In this lies the meaning of the Eucharist – the Holy Mysteries of Christ – of which we partake. Under the guise of bread and wine we offer to God all that He gives us. In other words, we offer to Him all that we have received from God. And He returns our offering to us, but transubstantiated, transfigured by Divinity. We partake of a new life in Christ, i.e. in God Who has become man.
Actually, our Saviour’s own life is comprised within this mystery. The mystery of His incarnation, the mystery of His death on the Cross and His resurrection – all speak of the fact that He is being given to us. He is “the Son, and given to us,” as we shall sing on the eve of the Nativity of Christ. And He, given to us and having come to us from the Heavenly Father, gives Himself back to the Father, offers Himself to the Father, and through Himself offers Him our entire life, in order for His new life – the life of the resurrected Christ – to become our new life, so that we would become conscious of this blessing, this gift which God gives to us. St. Gregory the Theologian says: “When we offer thanks to God, we become dear to Him.” Such is the mystery of thanksgiving which we must ponder and study throughout our entire life.
Those lepers in the Gospel had sufficient faith to be healed of leprosy. But only one of them had sufficient faith to be healed of death, because until we are healed of the leprosy of sin, which is called death, our healing has no meaning and can even turn into misfortune for us.
How are we healed of the mortal illness which ails all of us? It happens only when we learn to give thanks to God. Nine people were healed, but only one was saved. And he was saved only because he recognized the nature of God, – he recognized that God is love. He learned that this love constitutes perfect and incorruptible life, which vanquishes not only the leprosy of all sins, but vanquishes death itself.
It is revealed to us that God is love, that God is generosity, and that these two qualities are overwhelming in Him. And until we recognize the love which God, Who becomes man, brings down to earth, we cannot properly thank God for all the sorrows which He sends us.
May God grant us the wisdom during this lent and throughout our entire life to learn to thank God in our prayers for everything that happens to us, to accept everything as coming from His hands, no matter how bitter or unendurable it may seem to us. And may God grant us the wisdom to understand that the significance of Christ’s Nativity lies in the great mystery of God becoming man. He – the invisible God – becomes visible in others: initially in His own human incarnation and afterwards, having achieved the salvation of all men, having arisen from the dead and gloriously ascended into heaven, He continues to be present in all people. He says to us: “All that you do unto others, you do unto Me.” Thus, when we learn to thank other people, we simultaneously learn to thank God. At that point we draw near to God, from Whom we have been separated by the terrible leprosy of our sins.

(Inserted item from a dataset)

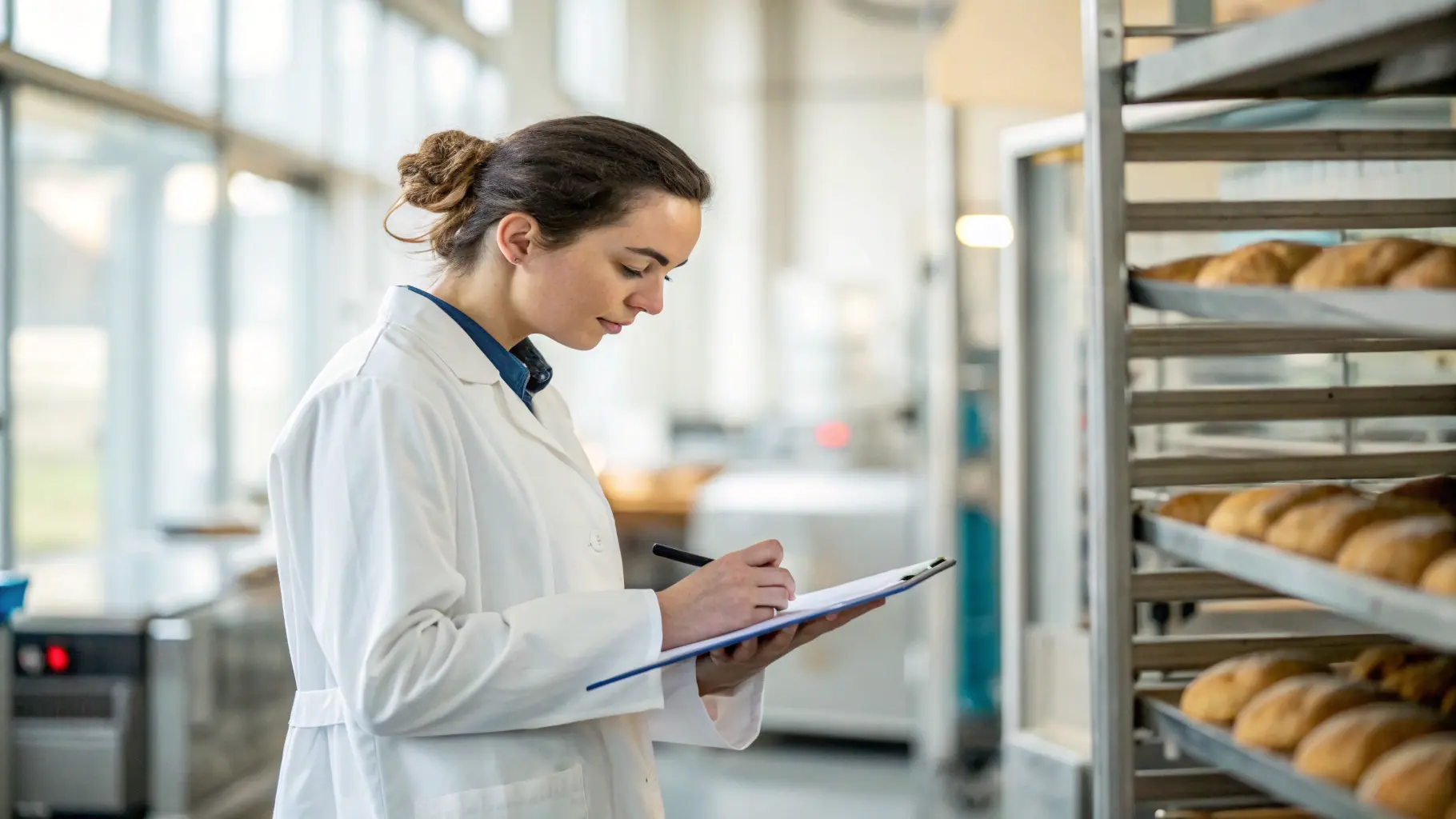 Инженер-технолог хлебопекарного производства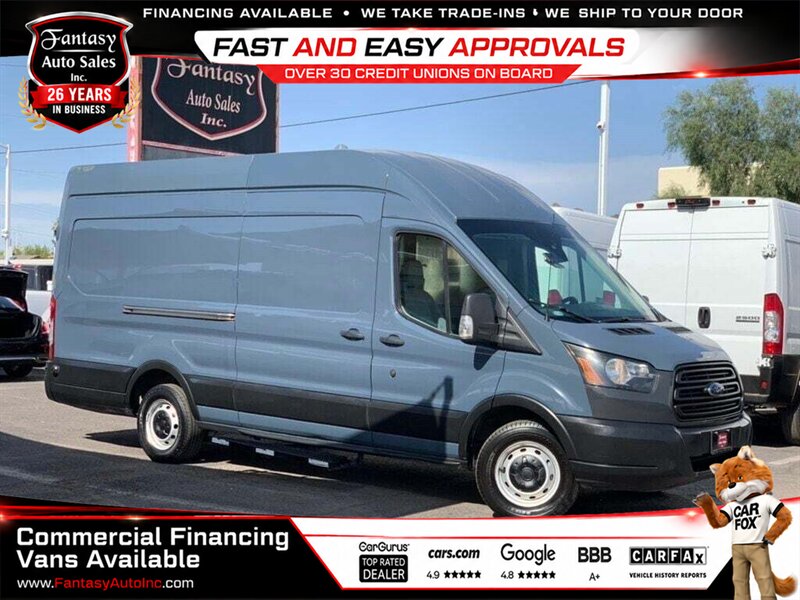 2019 Ford Transit 250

May God grant us to participate in the new and incorruptible life, and to recognize the love of Christ in the commandment which instructs us to love God with all our heart, all our thoughts, all our strength, to draw near to the Lord and to learn to love others as we do ourselves. However, we will be able to draw near to the Lord and our neighbors only when we study and master the mystery of thanksgiving. Amen.